Extracted data entries
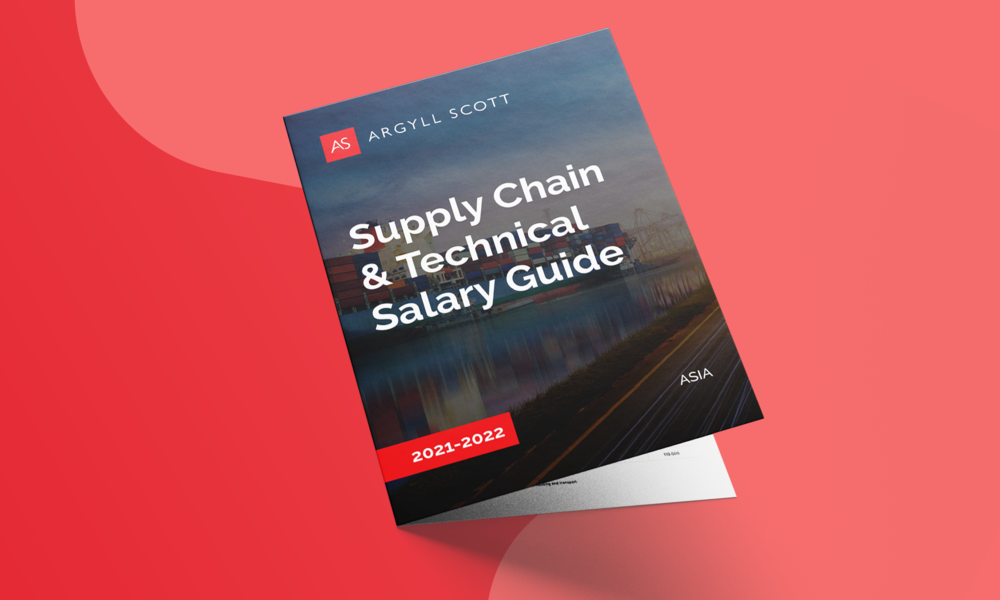 Supply Chain & Technical Salary Guide 2021-22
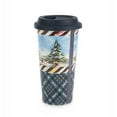 thumbnail image 1 of Mackenzie Childs Highbanks Travel Cup, 1 of 1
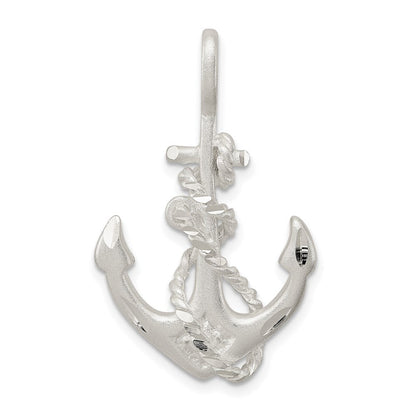 Sterlingsilber Anker Charm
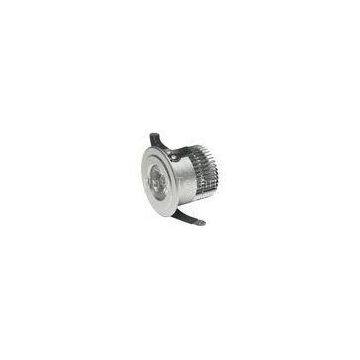 50 / 60Hz 3W High Power Indoor LED Ceiling Spotlights With 45 Degrees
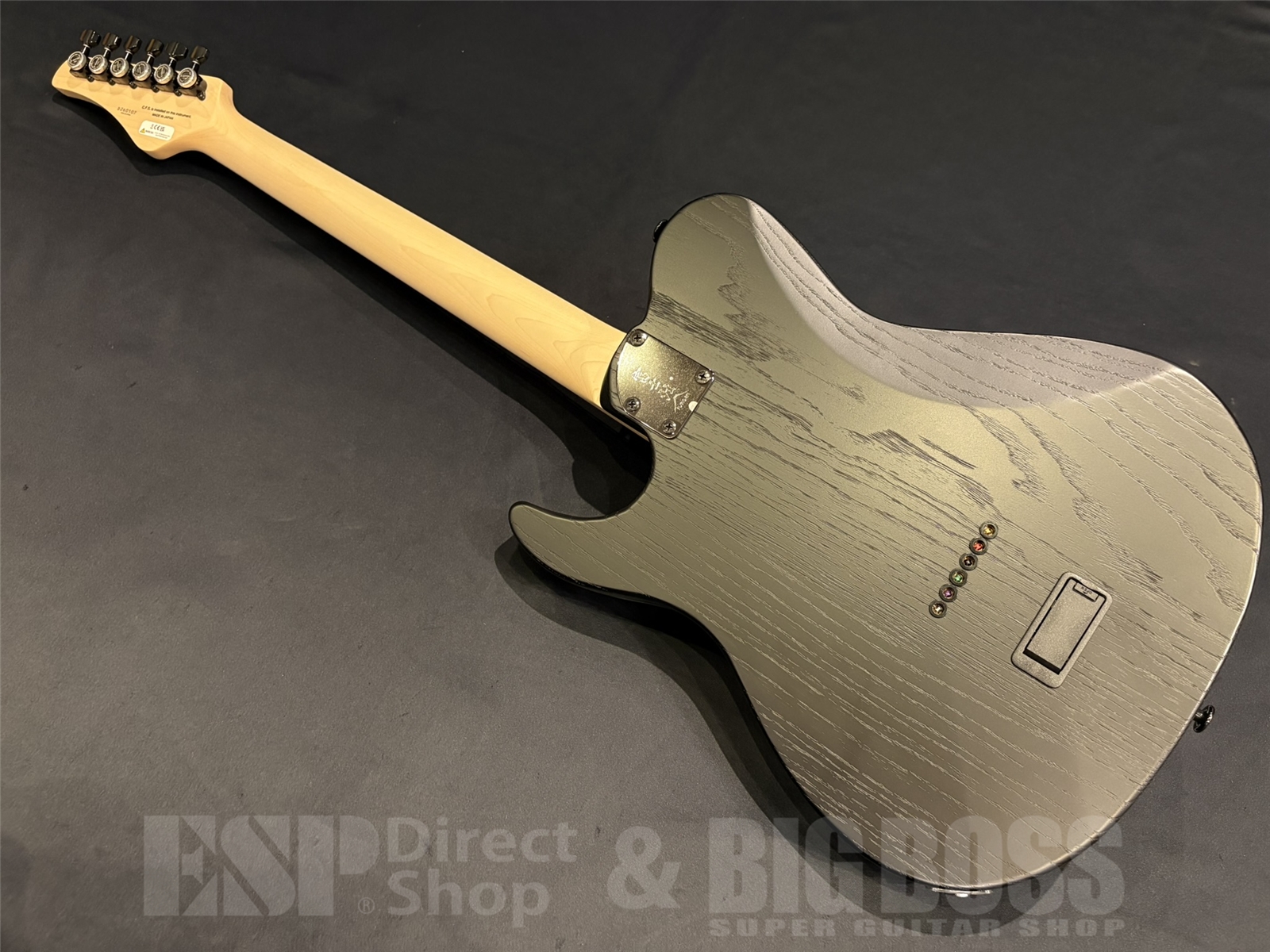 【即納可能】FUJIGEN(フジゲン) JIL2-ASH-DE-M / Open Pore Black 京都店 - 8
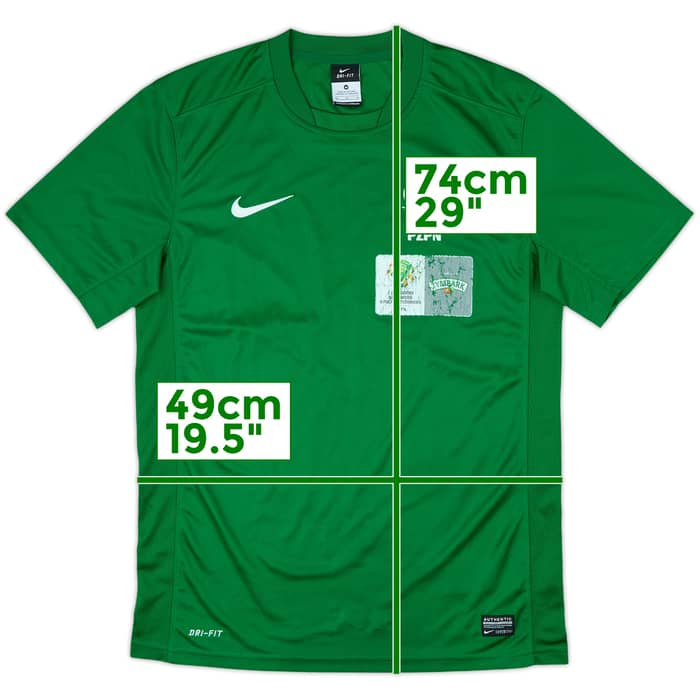 2014-15 Poland Nike Training Shirt - 6/10 - (M)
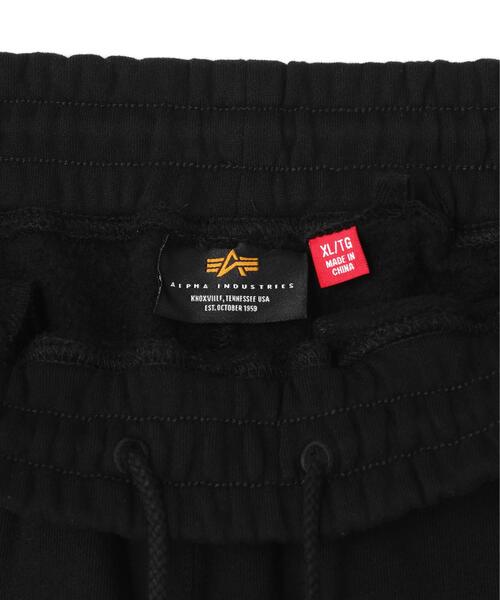 Alpha Industries(アルファインダストリーズ)の「Alpha Industries/アルファインダストリーズ/UNFRM SWEATPANTS/ユニフォーム スウェットパンツ(スウェットパンツ・メンズ・シルバー/ブラック・L/S/M/XL)」の9枚目の写真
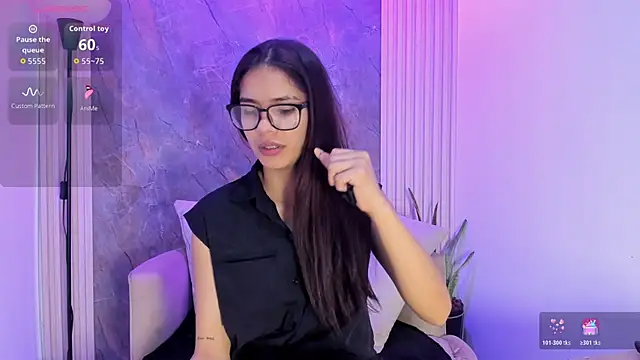 alina sauvage online show from May 18, 2026, 3:06 pm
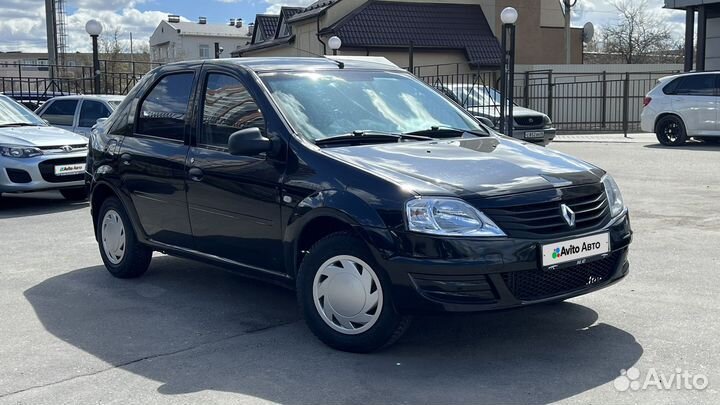 Renault Logan 1.4 МТ, 2011, 191 000 км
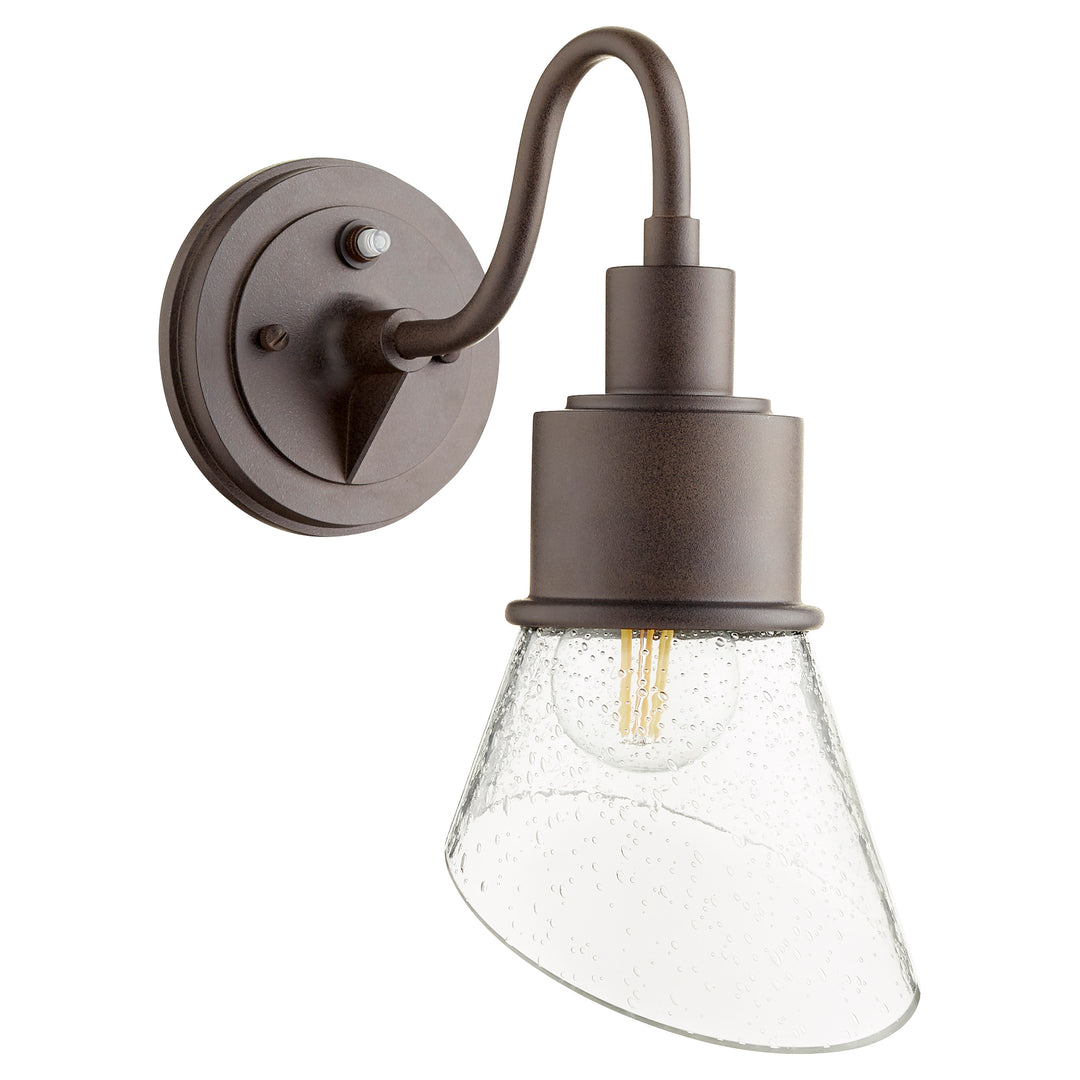Applique murale extérieure à 1 ampoule 13 po Torrey, bronze huilé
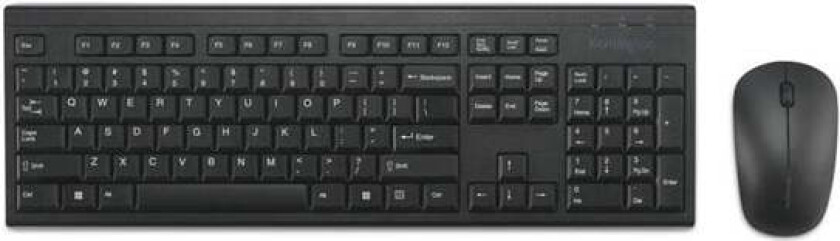 KM150 EQ - Tastatur & Mussett - Nordisk - Svart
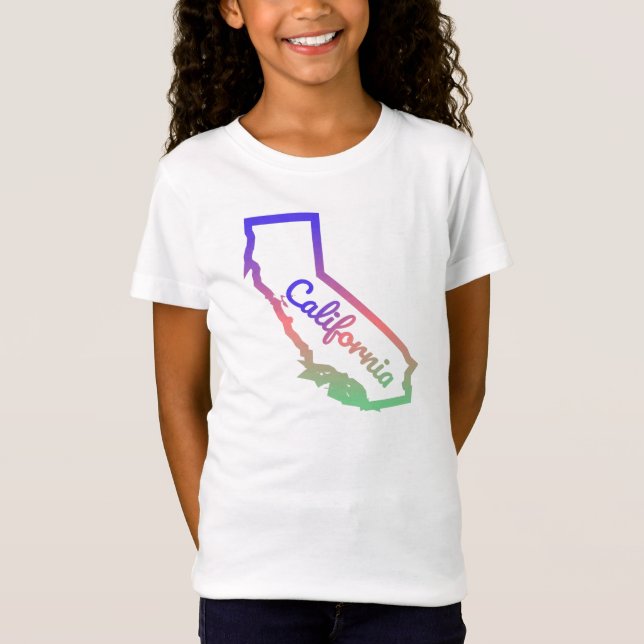 Camiseta California (Anverso)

■ Brief ■
Each line from the one containing "Applique murale extérieure" through the final line of the data must be reproduced exactly, both ends included, with no pictures in the copy.

■ Result of the task ■
Applique murale extérieure à 1 ampoule 13 po Torrey, bronze huilé
 KM150 EQ - Tastatur & Mussett - Nordisk - Svart
 Camiseta California (Anverso)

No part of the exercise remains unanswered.